Visualization#

OCR visualization utilities. Requires the [viz] extra.

pip install "panoocr[viz]"

Functions#

visualize_ocr_results #

visualize_ocr_results(image: Image, ocr_results: List[FlatOCRResult], font_size: int = 16, highlight_color: str = 'red', stroke_width: int = 2) -> Image.Image

Visualize flat OCR results on an image.

Draws bounding boxes and labels on a copy of the image.

Parameters:

Name Type Description Default
image Image

The image to visualize OCR results on.

required
ocr_results List[FlatOCRResult]

List of FlatOCRResult objects to visualize.

required
font_size int

Font size for labels.

16
highlight_color str

Color for boxes and text.

'red'
stroke_width int

Width of bounding box lines.

2

Returns:

Type Description
Image

Copy of the image with OCR results visualized.

Source code in src/panoocr/ocr/utils.py
def visualize_ocr_results(
    image: Image.Image,
    ocr_results: List[FlatOCRResult],
    font_size: int = 16,
    highlight_color: str = "red",
    stroke_width: int = 2,
) -> Image.Image:
    """Visualize flat OCR results on an image.

    Draws bounding boxes and labels on a copy of the image.

    Args:
        image: The image to visualize OCR results on.
        ocr_results: List of FlatOCRResult objects to visualize.
        font_size: Font size for labels.
        highlight_color: Color for boxes and text.
        stroke_width: Width of bounding box lines.

    Returns:
        Copy of the image with OCR results visualized.
    """
    # Make a copy to avoid modifying the original
    result_image = image.copy()
    draw = ImageDraw.Draw(result_image)
    width, height = result_image.size

    try:
        font = ImageFont.load_default(size=font_size)
    except TypeError:
        # Older Pillow versions don't support size parameter
        font = ImageFont.load_default()

    for ocr_result in ocr_results:
        # Draw bounding box
        bbox = ocr_result.bounding_box
        draw.rectangle(
            [
                bbox.left * width,
                bbox.top * height,
                bbox.right * width,
                bbox.bottom * height,
            ],
            outline=highlight_color,
            width=3,
        )

        # Draw text label
        draw.text(
            (
                bbox.left * width,
                bbox.top * height - font_size - stroke_width,
            ),
            ocr_result.text,
            fill=highlight_color,
            stroke_fill="white",
            stroke_width=stroke_width,
            font=font,
        )

        # Draw confidence score
        draw.text(
            (
                bbox.left * width,
                bbox.bottom * height + stroke_width,
            ),
            f"{ocr_result.confidence:.2f}",
            fill=highlight_color,
            stroke_fill="white",
            stroke_width=stroke_width,
            font=font,
        )

    return result_image

visualize_sphere_ocr_results #

visualize_sphere_ocr_results(image: Image, ocr_results: List[SphereOCRResult], font_size: int = 16, highlight_color: str = 'red', stroke_width: int = 2, inplace: bool = False) -> Image.Image

Visualize spherical OCR results on an equirectangular image.

Projects OCR result labels back onto the panorama image.

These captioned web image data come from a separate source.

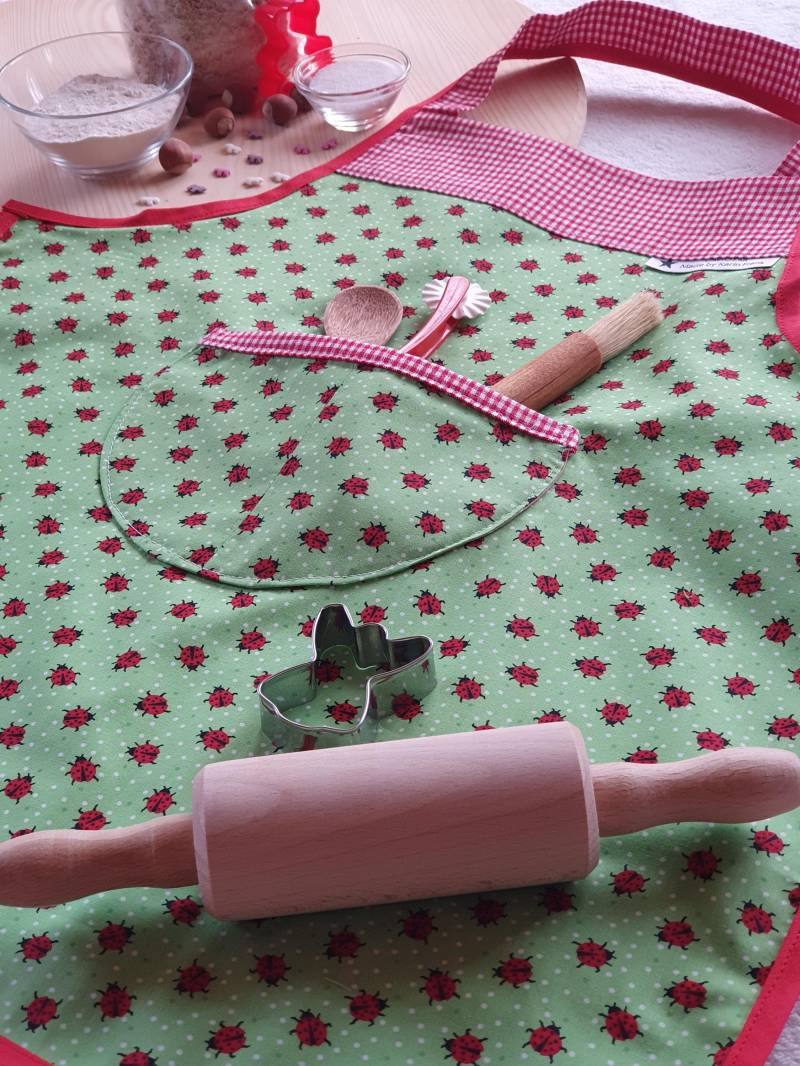Personalisierte Kinderschürzen Handgenäht Aus Baumwollstoff, Schürzen, Mädchenschürzen, Geschenk Kind Weihnachten, Laviosar von LAVIOSAR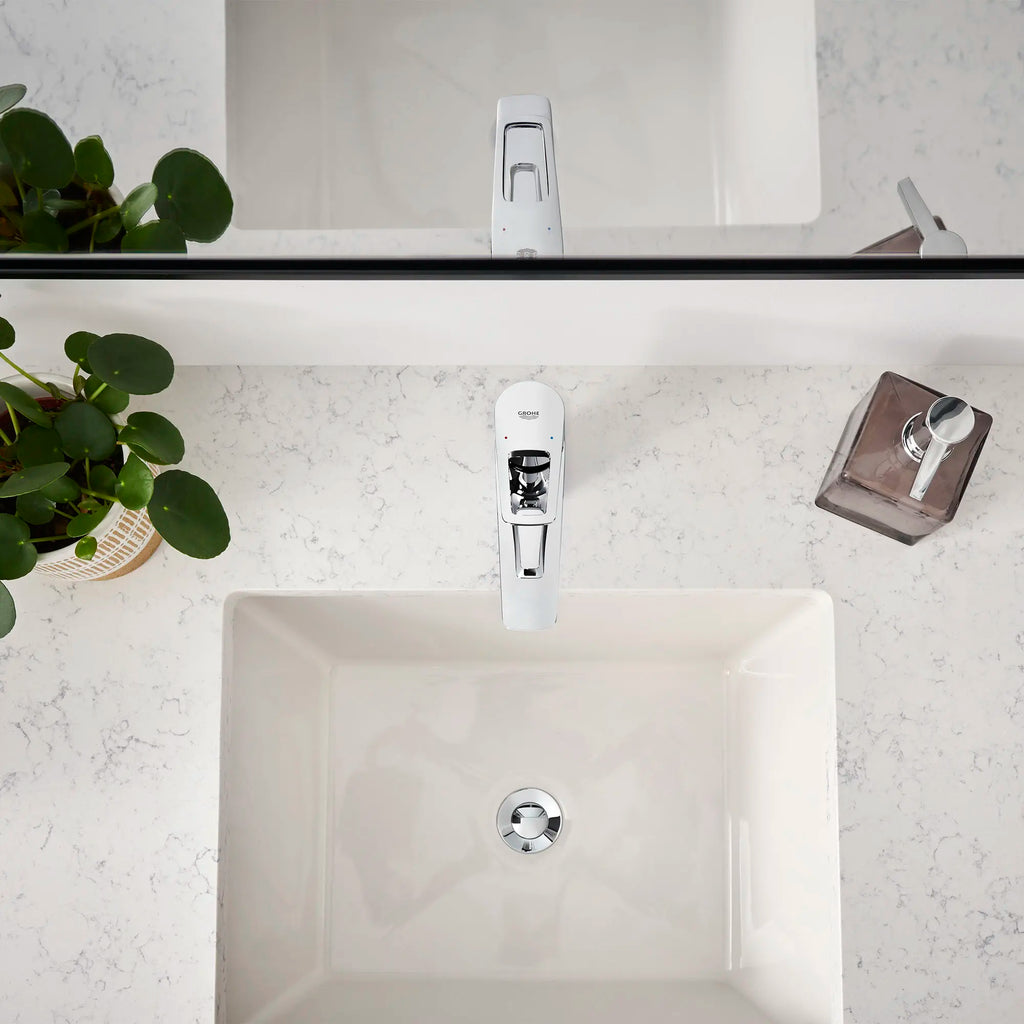 GROHE 23963001 Bauloop Single Hole Single-Handle M-Size Bathroom Faucet, 1.2 GPM - Chrome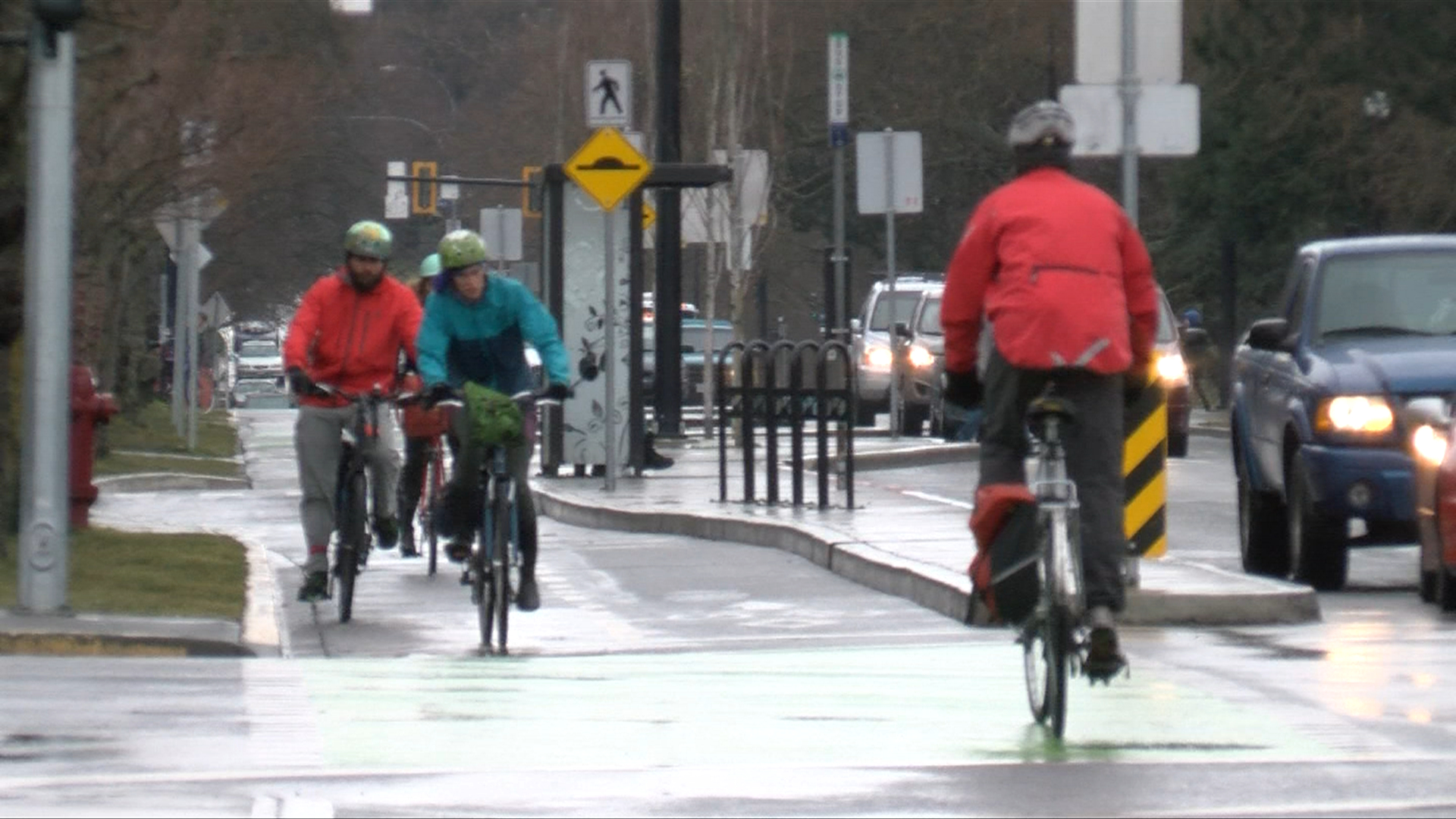 Victoria councillors, advocate for changes to clarify laws for mobility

This is SLOW and should only be used for debugging purposes.

Parameters:

Name Type Description Default
image Image

The equirectangular panorama image.

required
ocr_results List[SphereOCRResult]

List of SphereOCRResult objects to visualize.

required
font_size int

Font size for labels (unused, size is automatic).

16
highlight_color str

Color for boxes and text.

'red'
stroke_width int

Width of text stroke.

2
inplace bool

If True, modify the input image directly (faster).

False

Returns:

Type Description
Image

Image with OCR results visualized.

Raises:

Type Description
ImportError

If visualization dependencies are not installed.

Source code in src/panoocr/ocr/utils.py
def visualize_sphere_ocr_results(
    image: Image.Image,
    ocr_results: List[SphereOCRResult],
    font_size: int = 16,
    highlight_color: str = "red",
    stroke_width: int = 2,
    inplace: bool = False,
) -> Image.Image:
    """Visualize spherical OCR results on an equirectangular image.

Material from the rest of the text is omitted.